I have consistently promoted our British monarchy but at the same time I say to people that I subscribe towards an anarchist view when I look at state systems. They don’t understand how these two can be reconciled so I have to explain this. With Monarchy they think of autocratic rulers and with Anarchy they immediately think of flying bottles and burning cars.
Yes there are monarchs that are despots and there are anarchists who are vandals. But that isn’t British.
I view anarchy like I view a fuse or circuit breaker in a power supply. It isn’t the voltage regulator, it doesn’t provide the current, but you would be a fool to not have this in a design. When something goes drastically wrong then you need something to cut the juice, quickly. That’s anarchy. It can be a spectacular flare of molten metal and exploding air or the delicate trip of a relay. That is your design decision but it is intrinsic to the design, not extrinsic.
In a well regulated environment with supply matching loads then the capability to stop the power should exist as part of the system but never needed to be used.
Anarchy is non-violent and without coercion. There is a lot of confusion with the term in that it is associated with lawlessness, disorder and violence but if you have that association then you are a victim of some presumptions. It is the same class of presumptions that associate atheism with immorality. In much the way that atheism isn’t a belief then anarchy isn’t a means to rule. What is positively claimed will vary for the atheist and could be diametrically opposed philosophy though western atheists generally positively claim to be secular humanist and societies with a high level of organic atheism are predominantly stable and societally healthy. At the core of secular humanism though will be a explicit naturalistic worldview and so an implicit atheism. In this way atheism is not a nihilism but quite the reverse in that theism is the nihilism because a created universe is pointless from a human point of view. Presumptions are just points of view and easily reversed.

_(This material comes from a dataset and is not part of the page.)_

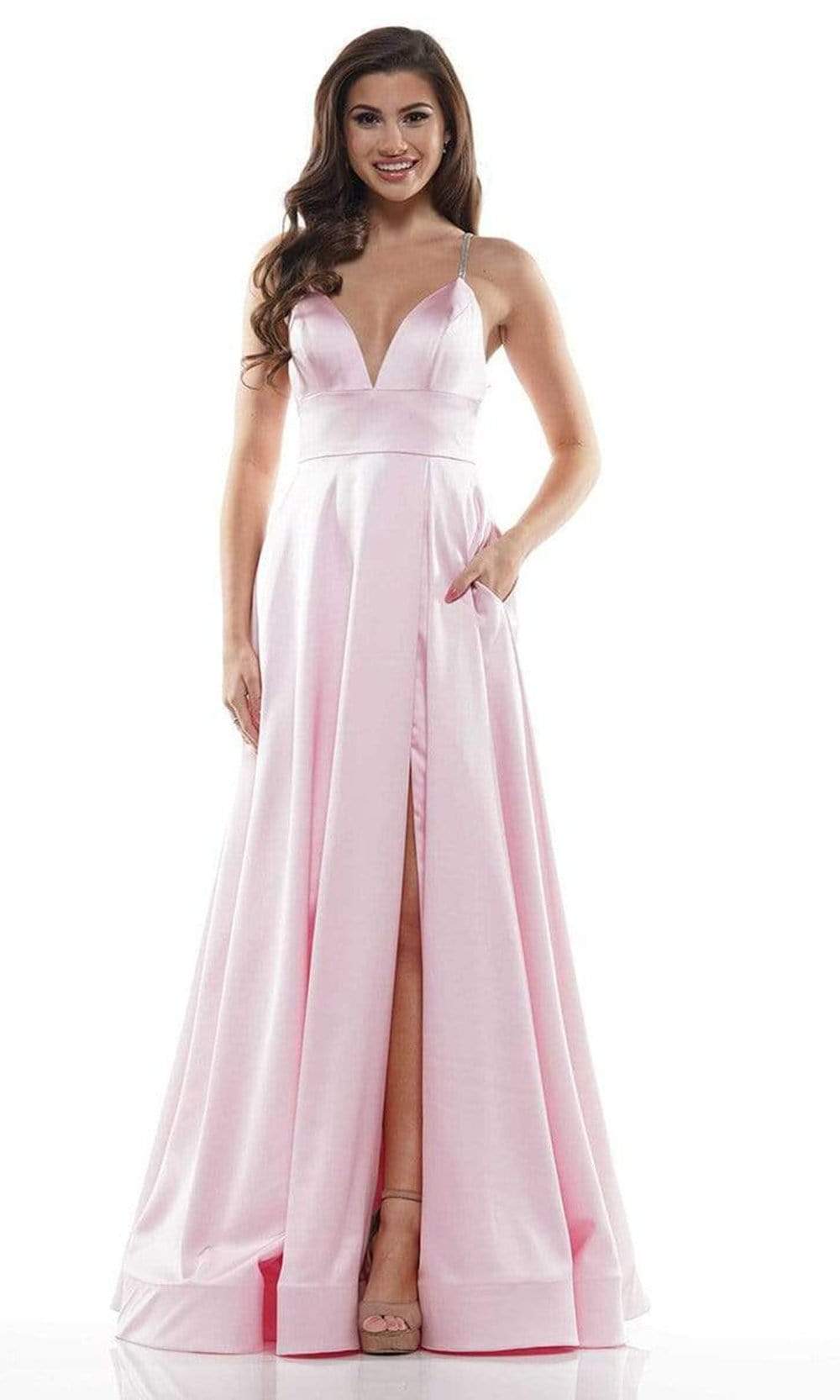 Colors Dress - G968 Strappy Satin A-Line Gown - view 7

In a similar way, someone can positively express a reduction or elimination of the state by promoting another system rather than promoting anarchy. If a rule is necessary to achieve a common good then anarchy isn’t such a process but it should be in the design criteria for such a process.
When used in the design of a system then this is an intrinsic anarchism and the anarchist in all of us must always look for where this fuse is and who is controlling this. When a monarch dissolves a parliament because the elected leaders couldn’t agree on a finance budget then that is the fuse – that is the anarchy in that the state is non-violently dissolved. It is that there is now no elected state but there will be a transition to a new government. That’s my kind of anarchy. There was no violent storming of parliament, no military junta, but a simple process that removed the state. The monarch as a titular head of state with the power to dissolve parliament is such a fuse in our British system. They don’t have power in themselves to rule the people but they can remove the state’s ability to rule. For this reason I support such a titular head of state. So there you have it, an anarchist who supports democratically elected states with a monarch as the titular head of state because the monarch is the ultimate anarchist who can remove the state with a flick of a pen if it should so be necessary to do.
I would love it if we could work out some other system for Britain like an elected titular head of state but I do not know of any republicans that promote their point of view in the way that I do in that the president would remain the ultimate anarchist of the society. Presidents traditionally have a tendency to rule rather than to be the anti-ruler. Maybe a British President could break that mould ? I don’t know. I do know that what we have for the past few hundred years does work so I don’t see a need to change this on a whim.